Representante da agência de checagem Lupa, Natália Leal alertou que “se abrirmos mão do jornalismo como uma ferramenta nessa frente, ou se a gente não valorizar esse trabalho, tenho muita dificuldade de acreditar que vamos chegar a algum lugar muito melhor do que o que a gente está hoje”, ao se referir à quantidade de fake news que diariamente é depositada nas redes sociais e na internet.
Segundo ela, a produção de conteúdo das plataformas que se dedicam ao combate à desinformação por meio do jornalismo cresceu exponencialmente, desde que a Lupa começou a fazer a checagem de informações, em 2015.

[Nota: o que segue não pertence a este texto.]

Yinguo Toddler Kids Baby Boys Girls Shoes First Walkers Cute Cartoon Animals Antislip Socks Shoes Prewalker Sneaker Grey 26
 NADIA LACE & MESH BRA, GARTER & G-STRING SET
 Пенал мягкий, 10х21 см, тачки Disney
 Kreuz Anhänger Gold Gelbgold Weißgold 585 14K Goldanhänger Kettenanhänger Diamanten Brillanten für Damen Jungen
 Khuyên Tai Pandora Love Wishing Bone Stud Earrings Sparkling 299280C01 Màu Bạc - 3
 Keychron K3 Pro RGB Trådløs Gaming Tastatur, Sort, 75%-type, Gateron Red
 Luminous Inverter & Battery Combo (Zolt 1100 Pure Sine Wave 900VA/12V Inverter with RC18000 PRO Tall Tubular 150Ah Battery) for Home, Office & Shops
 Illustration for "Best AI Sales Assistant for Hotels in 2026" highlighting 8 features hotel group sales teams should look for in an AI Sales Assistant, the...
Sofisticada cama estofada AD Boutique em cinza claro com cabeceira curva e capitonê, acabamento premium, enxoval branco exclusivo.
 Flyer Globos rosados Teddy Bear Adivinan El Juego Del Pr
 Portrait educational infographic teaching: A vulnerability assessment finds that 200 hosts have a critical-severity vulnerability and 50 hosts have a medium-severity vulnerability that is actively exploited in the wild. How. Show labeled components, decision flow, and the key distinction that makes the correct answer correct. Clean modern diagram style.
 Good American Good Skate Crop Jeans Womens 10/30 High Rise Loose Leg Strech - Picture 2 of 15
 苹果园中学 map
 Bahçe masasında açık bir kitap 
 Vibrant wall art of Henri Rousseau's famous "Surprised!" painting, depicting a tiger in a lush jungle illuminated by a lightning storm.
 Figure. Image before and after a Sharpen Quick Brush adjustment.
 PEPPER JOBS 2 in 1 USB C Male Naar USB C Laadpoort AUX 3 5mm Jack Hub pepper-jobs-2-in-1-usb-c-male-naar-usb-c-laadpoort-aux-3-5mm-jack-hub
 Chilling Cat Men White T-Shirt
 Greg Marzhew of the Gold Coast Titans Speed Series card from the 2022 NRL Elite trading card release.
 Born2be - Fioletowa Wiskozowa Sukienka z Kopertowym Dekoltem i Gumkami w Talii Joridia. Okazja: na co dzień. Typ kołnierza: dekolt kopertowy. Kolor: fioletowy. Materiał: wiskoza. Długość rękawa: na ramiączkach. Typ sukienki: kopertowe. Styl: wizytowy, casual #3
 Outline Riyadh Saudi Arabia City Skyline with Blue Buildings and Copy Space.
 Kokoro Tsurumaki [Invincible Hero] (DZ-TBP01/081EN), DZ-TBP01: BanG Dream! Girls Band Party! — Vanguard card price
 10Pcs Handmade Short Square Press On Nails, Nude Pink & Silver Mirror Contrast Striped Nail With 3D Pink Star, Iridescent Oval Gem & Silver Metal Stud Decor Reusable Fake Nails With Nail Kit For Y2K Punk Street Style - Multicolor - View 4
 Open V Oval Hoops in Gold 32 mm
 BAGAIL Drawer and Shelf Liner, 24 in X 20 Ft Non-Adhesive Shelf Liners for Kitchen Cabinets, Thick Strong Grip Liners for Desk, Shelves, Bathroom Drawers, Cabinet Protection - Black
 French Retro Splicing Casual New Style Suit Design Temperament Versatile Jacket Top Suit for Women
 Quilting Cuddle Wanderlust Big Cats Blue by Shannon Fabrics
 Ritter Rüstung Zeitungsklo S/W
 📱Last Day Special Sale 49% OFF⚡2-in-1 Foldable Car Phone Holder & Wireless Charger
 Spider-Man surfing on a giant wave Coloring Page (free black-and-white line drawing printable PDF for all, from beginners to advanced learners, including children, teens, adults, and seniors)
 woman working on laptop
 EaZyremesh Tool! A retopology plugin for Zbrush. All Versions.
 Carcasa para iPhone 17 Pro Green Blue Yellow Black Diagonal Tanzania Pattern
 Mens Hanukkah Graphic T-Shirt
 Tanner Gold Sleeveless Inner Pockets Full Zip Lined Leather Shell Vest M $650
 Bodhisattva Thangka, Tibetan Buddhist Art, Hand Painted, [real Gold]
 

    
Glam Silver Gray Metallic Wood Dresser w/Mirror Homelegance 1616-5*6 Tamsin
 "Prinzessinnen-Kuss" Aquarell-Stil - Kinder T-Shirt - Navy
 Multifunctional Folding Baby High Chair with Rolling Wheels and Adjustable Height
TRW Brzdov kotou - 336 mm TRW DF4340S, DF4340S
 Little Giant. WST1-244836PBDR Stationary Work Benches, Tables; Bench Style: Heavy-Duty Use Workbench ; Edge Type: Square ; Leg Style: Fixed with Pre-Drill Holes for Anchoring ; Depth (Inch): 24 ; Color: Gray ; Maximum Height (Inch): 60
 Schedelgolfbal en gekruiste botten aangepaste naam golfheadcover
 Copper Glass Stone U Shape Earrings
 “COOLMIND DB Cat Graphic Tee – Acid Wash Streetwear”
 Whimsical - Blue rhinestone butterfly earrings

“A gente publicava no máximo um conteúdo por dia. Geralmente, a checagem de um discurso político com duas ou três frases de um político. Hoje, o nosso time, que conta com mais de uma dezena de jornalistas, publica diariamente uma média de três verificações de conteúdos, além de reportagens, entrevistas, análise sobre desinformação e de impactos desse fenômeno na sociedade, no cotidiano e na democracia”, acrescentou.
Diretora executiva da agência de checagem Aos Fatos, Tai Nalon explicou que as análises de conteúdo partem de um contexto macro, que é o de combater tanto a desinformação, que é considerada a informação errada, “ou seja, a informação sem a intenção de causar dano”, como a desinformação coordenada, que é aquela com intenção e planejamento de causar algum tipo de dano.
Há, segundo ela, “profissionais da mentira, que atuam com o propósito de manipular conteúdos” para promover determinadas visões do mundo, inclusive fazendo uso de perfis automatizados para inflar o número de apoiadores.
“A gente atua nessas duas frentes, e essa diferenciação é muito importante porque a gente precisa entender e diferenciar quem é quem, entre o chamado ‘tio do zap’, que está recebendo passivamente e compartilhando ativamente, daqueles que são os engenheiros que produzem mentiras”.